RA: One of the most common topics that we deal with is nostalgia which has become a dominant trope, just as is in the title of your composition. How do you deal with the past?
HK: The past in itself is important. The idea is not to just cancel the past. However, the problem is with nostalgic emotions, which is about your relationship to that past. I do have a big problem with the idea of a vague nostalgia for some ambiguous, constructed past. These emotions are usually involved in rewriting the past in order to confirm the dominant values in the present, a dynamic that is constantly used to justify the context in which we are living. So it either justifies the present or it offers an imagined image of the future we aspire to. This is a feature of fascist thinking: the kind of thinking that always brings us back to the tired dichotomy of origins and endings. It is a form of thinking that only offers, whether politically or personally, a closed horizon. It can only imagine human beings caught in a vicious circle between fantastical great origins and a theoretically great telos. This imaginary is unable to conceive of human beings as an open project or as something contradictory. Therefore, from a purely political point of view, it is the kind of logic that is always used to consolidate power in general, regardless of its form or direction — whether political, social or religious. That is why my relationship with nostalgia was always troubled, on the intellectual level, but even on the emotional level. I never really had such strong nostalgic emotions. Perhaps as a teenager, I had a little nostalgia for the 1960s, drugs and hippies, but I don’t think that it was a real nostalgia more a desire for loss. I feel that the nostalgia that wants us to return to the past conceals the most important thing which is the reality that we are actually experiencing.

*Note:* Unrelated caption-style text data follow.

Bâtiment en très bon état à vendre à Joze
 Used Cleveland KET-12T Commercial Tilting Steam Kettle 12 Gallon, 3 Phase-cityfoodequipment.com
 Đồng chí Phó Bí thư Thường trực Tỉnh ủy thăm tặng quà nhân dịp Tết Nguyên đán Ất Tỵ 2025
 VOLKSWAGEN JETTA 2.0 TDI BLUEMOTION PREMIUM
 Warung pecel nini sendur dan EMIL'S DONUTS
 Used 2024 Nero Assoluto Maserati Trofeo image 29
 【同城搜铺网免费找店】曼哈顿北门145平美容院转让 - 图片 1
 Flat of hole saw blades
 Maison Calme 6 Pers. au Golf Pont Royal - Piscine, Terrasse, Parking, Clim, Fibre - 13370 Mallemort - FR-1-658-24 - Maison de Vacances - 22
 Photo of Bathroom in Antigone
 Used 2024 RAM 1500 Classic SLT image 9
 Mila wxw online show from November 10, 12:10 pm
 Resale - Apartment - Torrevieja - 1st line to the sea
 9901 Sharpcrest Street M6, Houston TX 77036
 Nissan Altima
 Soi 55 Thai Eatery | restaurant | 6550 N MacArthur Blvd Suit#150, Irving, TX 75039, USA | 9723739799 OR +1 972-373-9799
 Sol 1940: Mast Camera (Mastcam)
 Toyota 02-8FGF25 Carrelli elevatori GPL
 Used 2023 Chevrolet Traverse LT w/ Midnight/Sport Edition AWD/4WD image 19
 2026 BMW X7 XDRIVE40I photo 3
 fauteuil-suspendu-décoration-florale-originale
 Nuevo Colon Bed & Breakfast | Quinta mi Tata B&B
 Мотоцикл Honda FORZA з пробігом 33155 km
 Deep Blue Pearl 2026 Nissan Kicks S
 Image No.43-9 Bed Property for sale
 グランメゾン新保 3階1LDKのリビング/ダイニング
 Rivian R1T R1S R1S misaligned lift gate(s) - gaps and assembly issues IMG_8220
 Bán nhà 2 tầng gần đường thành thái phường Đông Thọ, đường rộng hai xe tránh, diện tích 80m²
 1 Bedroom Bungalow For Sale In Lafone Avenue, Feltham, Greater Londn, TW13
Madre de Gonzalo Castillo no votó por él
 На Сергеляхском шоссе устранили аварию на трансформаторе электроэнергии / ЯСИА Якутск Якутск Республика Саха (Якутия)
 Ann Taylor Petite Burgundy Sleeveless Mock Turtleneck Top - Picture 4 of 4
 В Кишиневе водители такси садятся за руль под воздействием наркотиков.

RA: Do you think there are possibilities latent in the past that can help create art that addresses the present while looking to the future without the problematics of falling into the nostalgic?
HK: Yes of course, not only in the past, but like in everything, in the past in the future, up, down, wherever. As long as the relationship remains real, one does not fall into nostalgia. I am not into canceling the past. That’s stupid. The problem is in the relationship to things. This is the heart of the matter.